2.) SIGNIFICANT ACCOUNTING POLICIES
The Fund is an investment company and accordingly follows the investment company accounting and reporting guidance of the Financial Accounting Standards Board (“FASB”) Accounting Standards Codification Topic 946 Financial Services - Investment Companies. The financial statements are prepared in conformity with accounting principles generally accepted in the United States of America (“GAAP”). The Fund follows the significant accounting policies described in this section.

SECURITY VALUATION
All investments in securities are valued as described in Note 3. The Trust’s Board of Trustees (“Board”) has designated the Adviser as “Valuation Designee” pursuant to Rule 2a-5 under the 1940 Act.

SHARE VALUATION
The net asset value (the “NAV”) is generally calculated as of the close of trading on the New York Stock Exchange (the “Exchange”) (normally 4:00 p.m. Eastern time) every day the Exchange is open. The NAV is calculated by taking the total value of the Fund’s assets, subtracting its liabilities, and then dividing by the total number of shares outstanding, rounded to the nearest cent. The offering price and redemption price per share is equal to the net asset value per share, except that shares of the Fund are subject to a redemption fee of 2% if redeemed within 90 days or less of purchase. During the fiscal year ended November 30, 2023, proceeds from redemption fees were $1,676.

FEDERAL INCOME TAXES
The Fund’s policy is to continue to comply with the requirements of the Internal Revenue Code that are applicable to regulated investment companies and to distribute all of its taxable income to shareholders. Therefore, no federal income tax provision is required. It is the Fund’s policy to distribute annually, prior to the end of the calendar year, dividends sufficient to satisfy excise tax requirements of the Internal Revenue Code. This Internal Revenue Code requirement may cause an excess of distributions over the book year-end accumulated income. In addition, it is the Fund’s policy to distribute annually, after the end of the fiscal year, any remaining net investment income and net realized capital gains.

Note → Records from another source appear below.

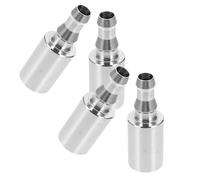 LIFKOME 4 Pezzi Peso di Fine Tubo in Acciaio Inossidabile per Dispenser Acqua Automatico Testa Filtro Integrata Accessorio Sinker per Tubo Pompa Ricambio Compatibile per Tè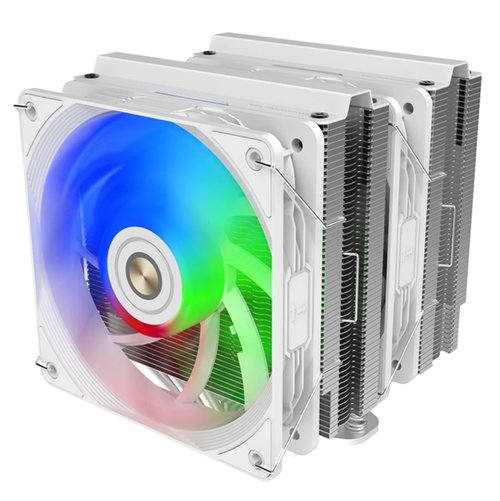 Кулер для CPU Alseye N600-DT, 2х120мм, 800-1800rpm, 4-pin, Al+Cu, белый/ARGB, 74CFM, 33.2дБ, 6-PIPE(сплошная термоплощадка), TDP 250Вт, контроллер, INTEL 1700/1200/115x/2011/2066/1366, AMD AM5/AM4/AM3 (AS.01.05.0010 )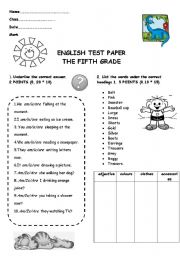 TEST PAPER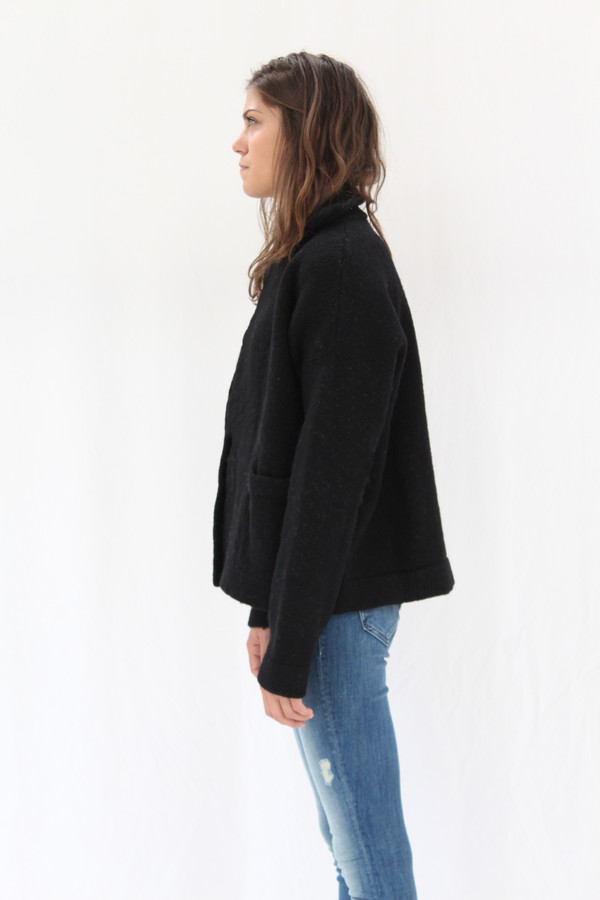 Lauren Manoogian Pea Coat Black Lauren Manoogian Pea Coat Black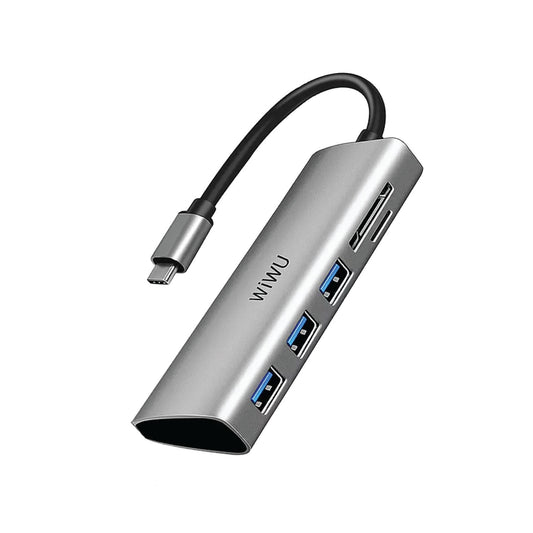 WIWU Alpha 532ST Type-C Converter 5 in 1 USB-C Hub - PineApple 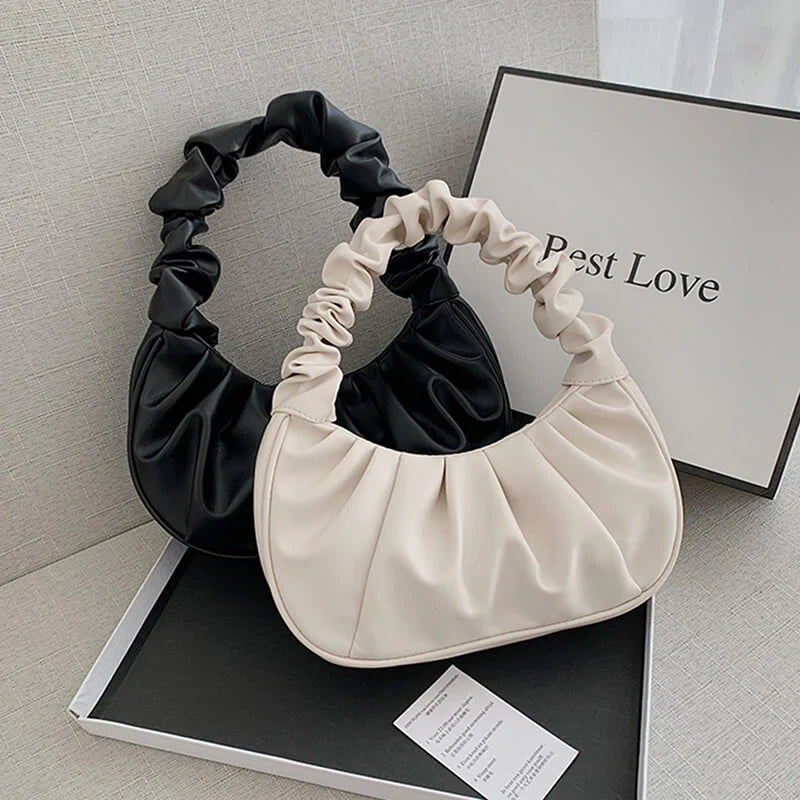 Serena Pleated Handbag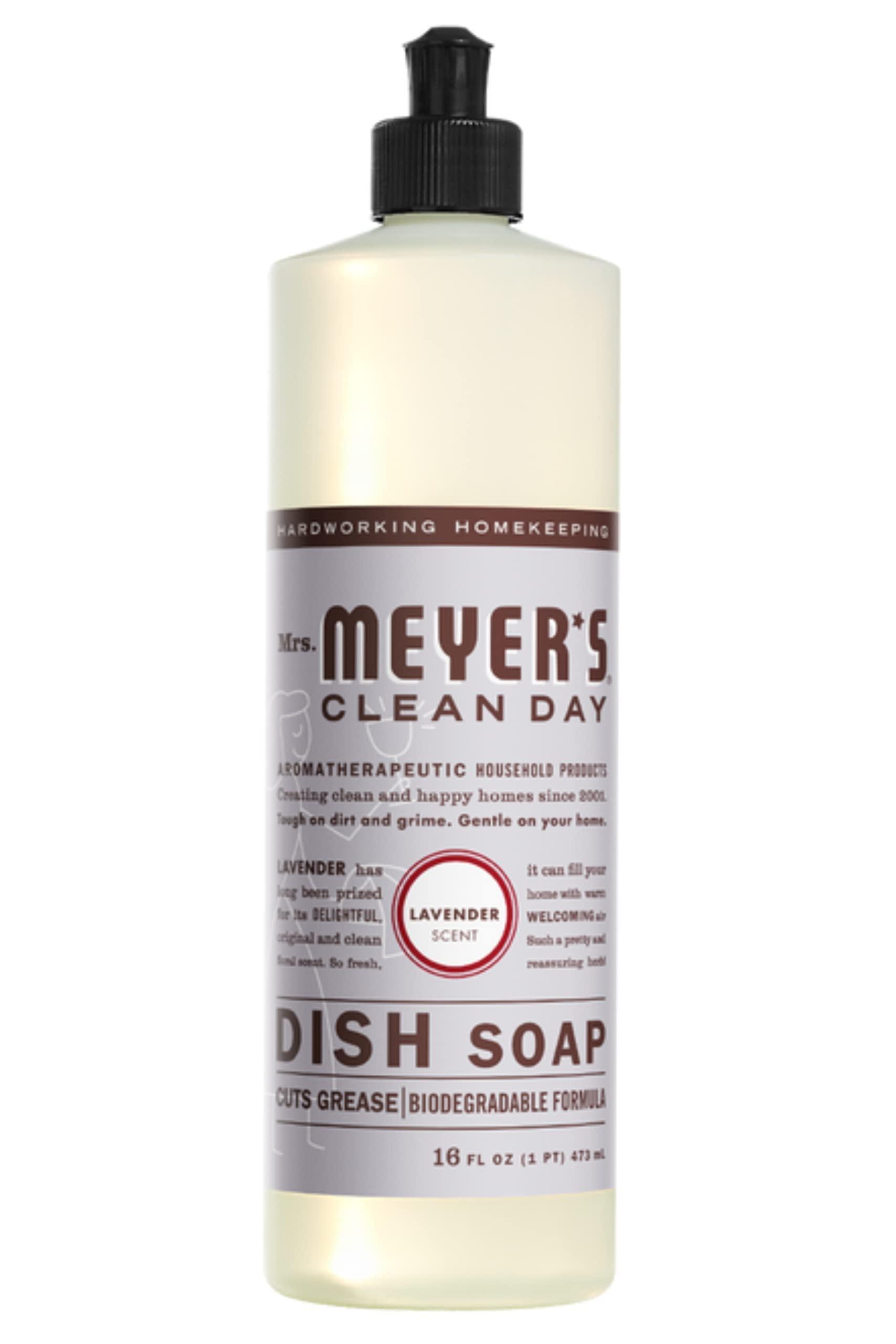 Dish soap Dish soap MRS. MEYER\'S CLEAN DAY Variety Pack, 16 Oz. Includes 6 Scents (Lemon Verbena, Lavender, Basil, Rosemary, Honeysuckle, Peony Scents) Bundle of 6 Items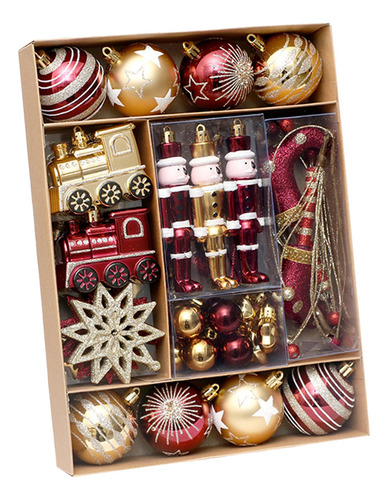 Juego De Adornos De Bolas De Navidad, Decoración Estilo C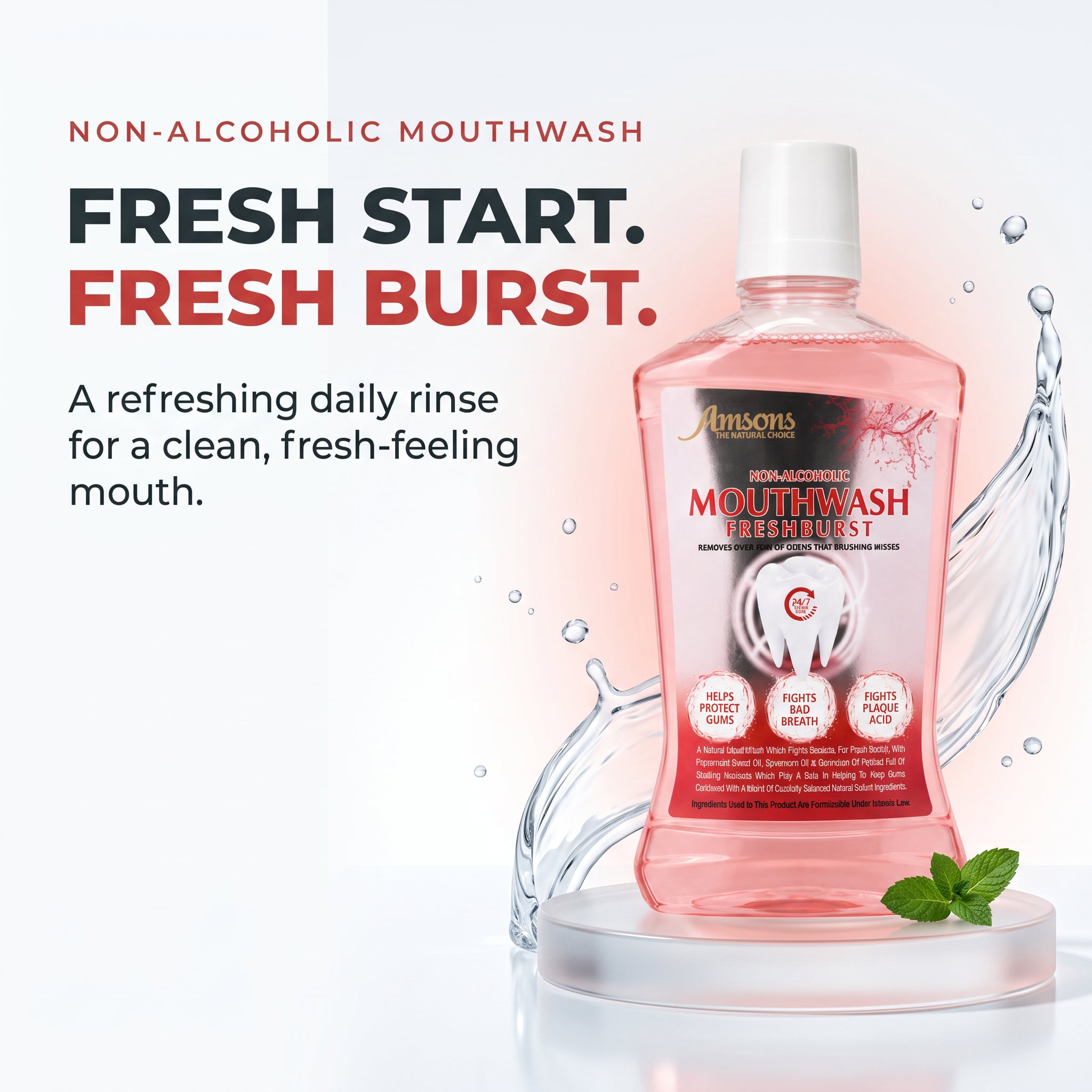 Non-Alcoholic Freshburst Mouthwash
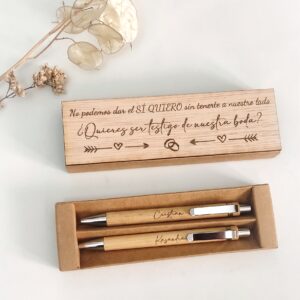 Comprar boligrafos para bodas personalizados con nombres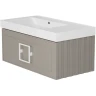 Тумба под раковину La Fenice Cubo 90 FNC-01-CUB-C-90 подвесная Бежевая матовая
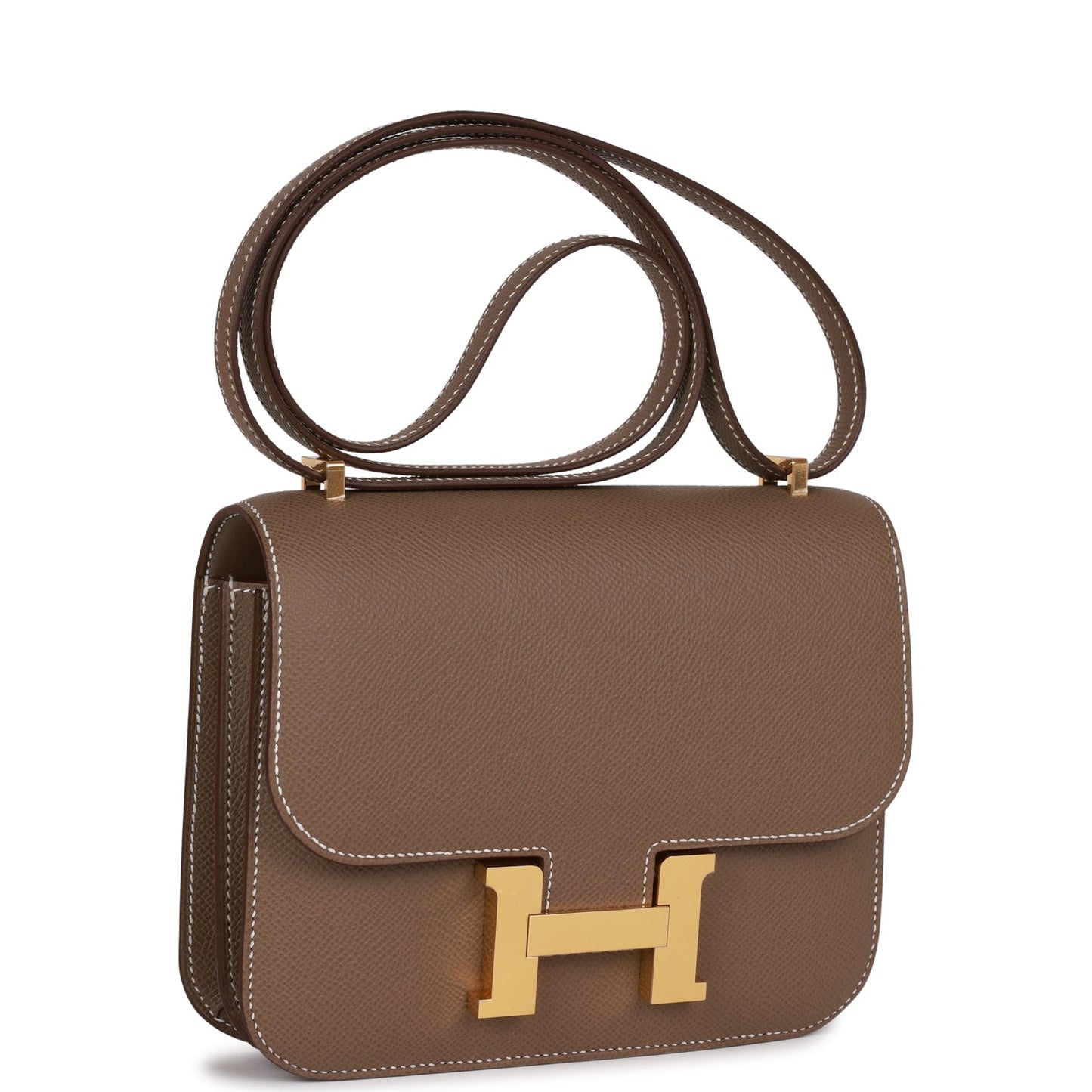 Hermes Constance Etoupe Epsom Hardware Handbag Gold Travel Bag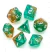 Set de 7 dados Acrylic Glitter - Marron y Azul (AC-GL50)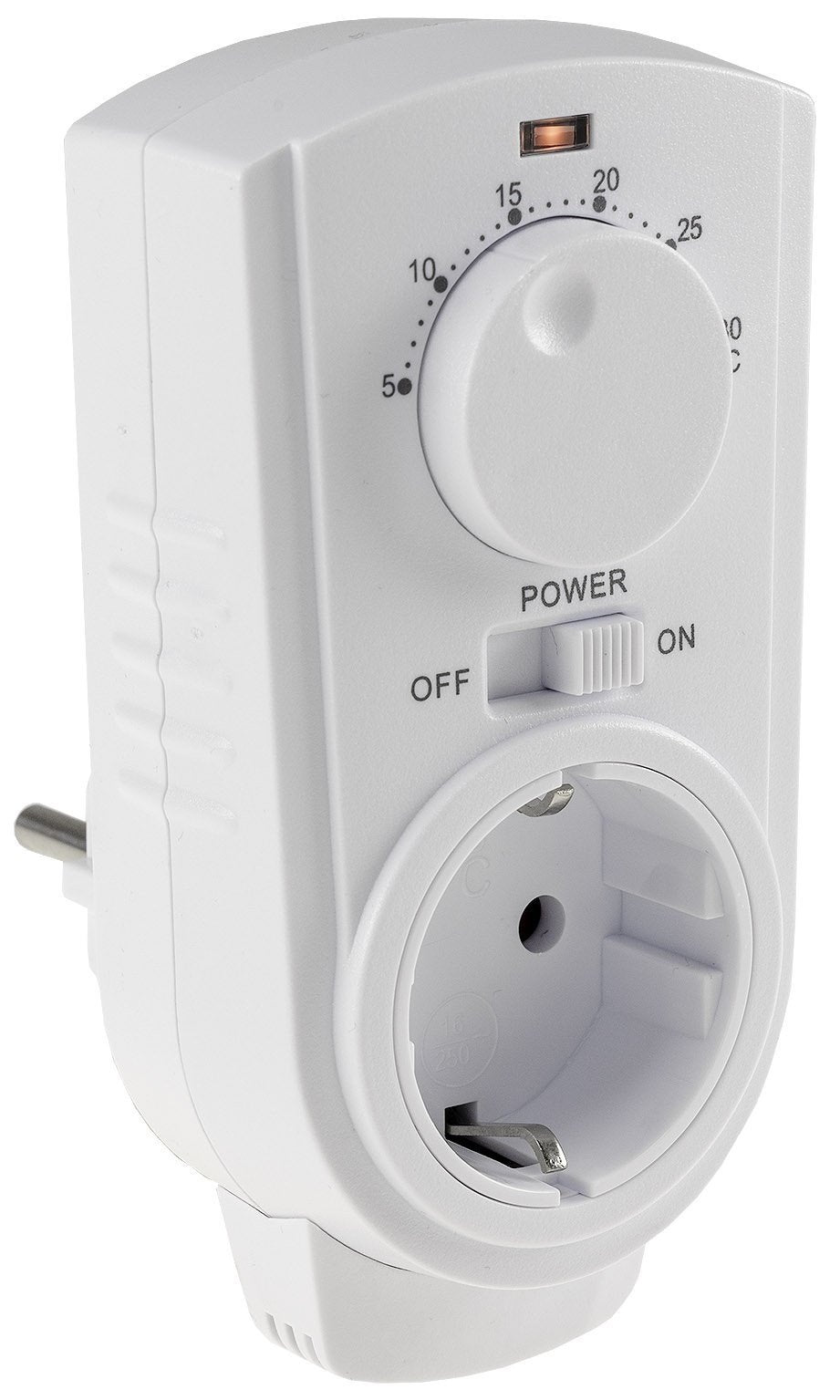 Simple Plug-in Thermostat with Rotary Control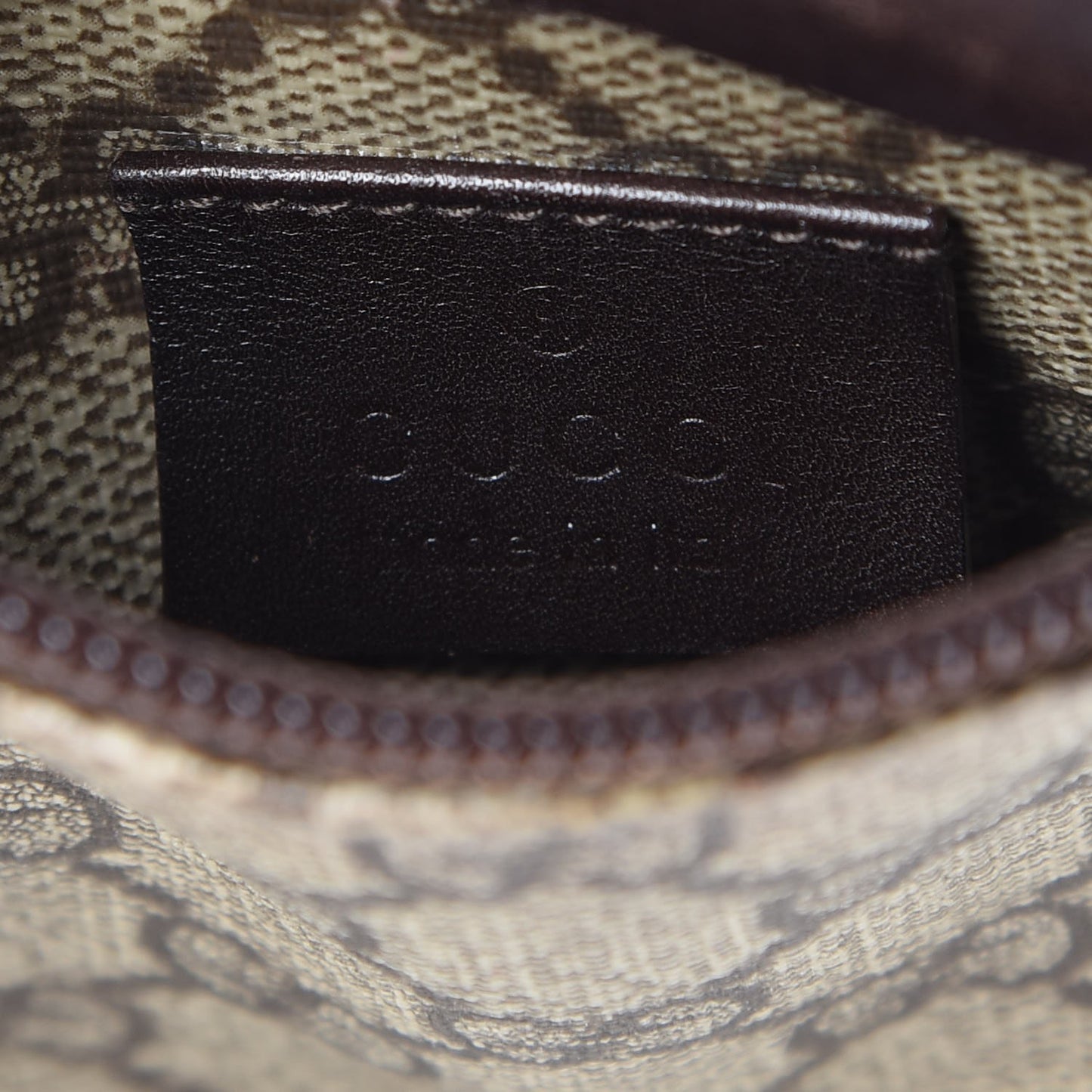 GG Monogram Double Pocket Belt Bag Dark Brown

The Fund recognizes the tax benefits of certain tax positions only where the position is “more likely than not” to be sustained assuming examination by tax authorities. Management has analyzed the Fund’s tax positions, and has concluded that no liability for unrecognized tax benefits should be recorded related to uncertain tax positions taken on returns filed for open tax years. The Fund identifies its major tax jurisdictions as U.S. Federal and State tax authorities; however, the Fund is not aware of any tax positions for which it is reasonably possible that the total amounts of unrecognized tax benefits will change materially in the next twelve months. The Fund recognizes interest and penalties, if any, related to unrecognized tax benefits as income tax expense in the Statement of Operations. During the fiscal year ended November 30, 2023, the Fund did not incur any interest or penalties.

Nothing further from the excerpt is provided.